#### Your task:
Copy out exactly, and only, the lines from the one containing "Swamp #352 Florida" through the end of the entries. No pictures.

(Data items)
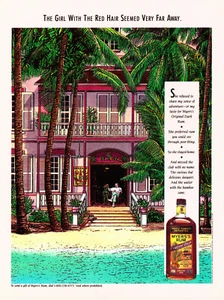 MEYERS'S RUM AD #7 RARE 1990 OUT OF PRINT  - Bild 1 von 2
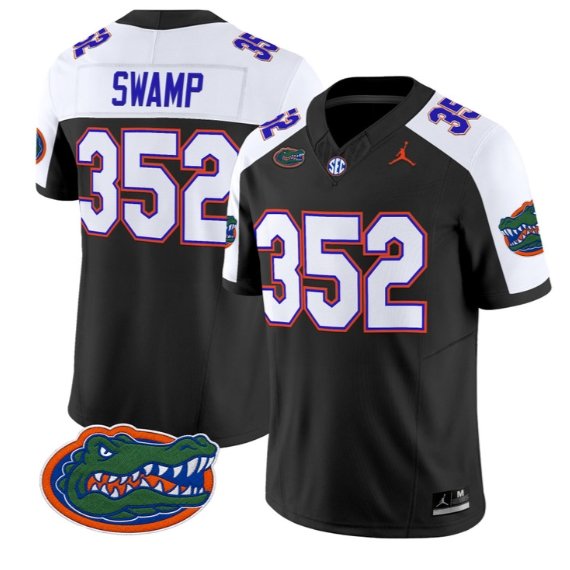 Swamp #352 Florida Gators Jersey 2026 Vapor Limited All Stitched Black Alter
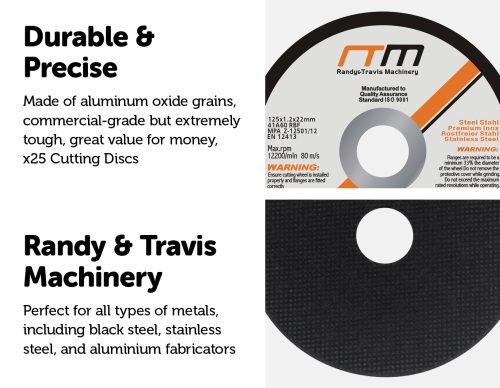 125mm 5″ Cutting Disc Wheel for Angle Grinder – 25
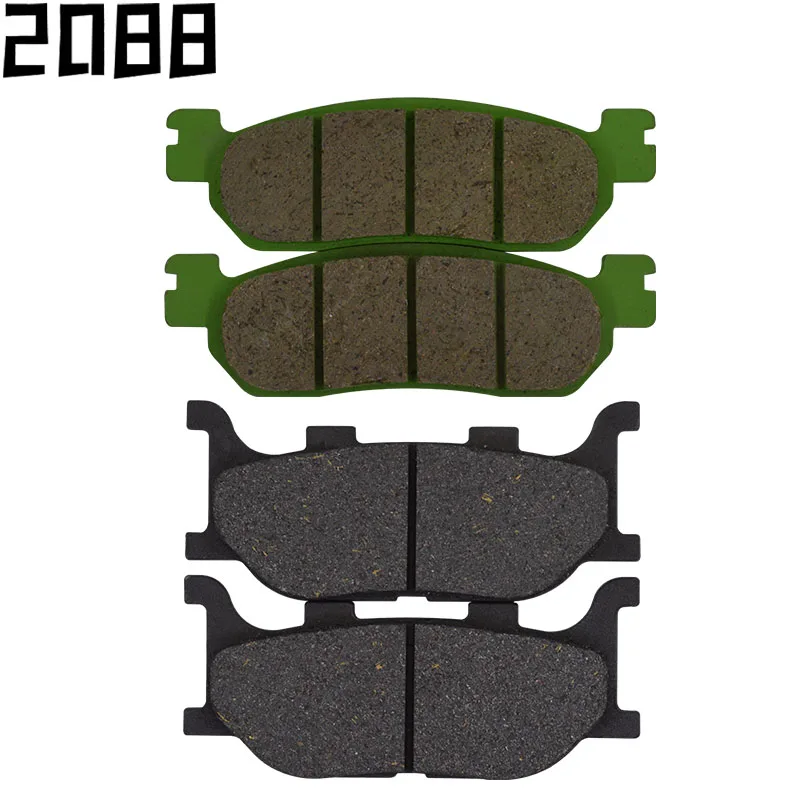 Pastillas de freno para motocicleta, para YAMAHA YP250 YP 250 D Majesty DX 1998 1999 2000 2001 2002 2003 / YP 250 Majesty DX ABS 1999 - 2003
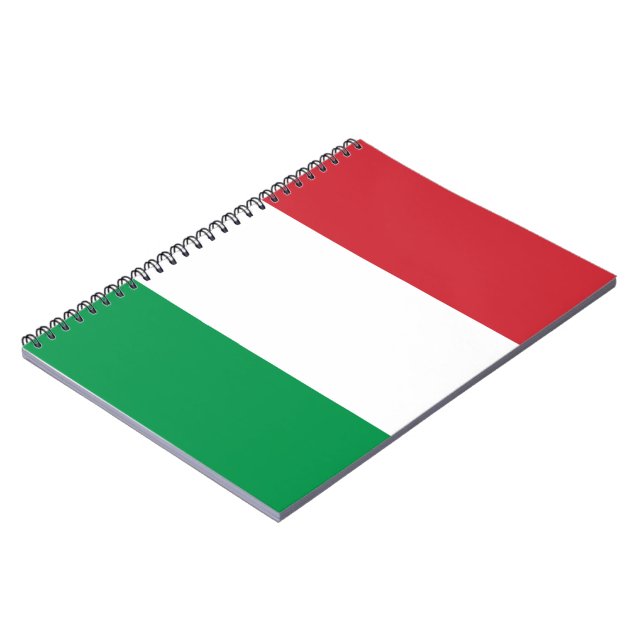 Flag of Italy Notebook (Left Side)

#### Finished exercise:
 Swamp #352 Florida Gators Jersey 2026 Vapor Limited All Stitched Black Alter
 125mm 5″ Cutting Disc Wheel for Angle Grinder – 25
 Pastillas de freno para motocicleta, para YAMAHA YP250 YP 250 D Majesty DX 1998 1999 2000 2001 2002 2003 / YP 250 Majesty DX ABS 1999 - 2003
 Flag of Italy Notebook (Left Side)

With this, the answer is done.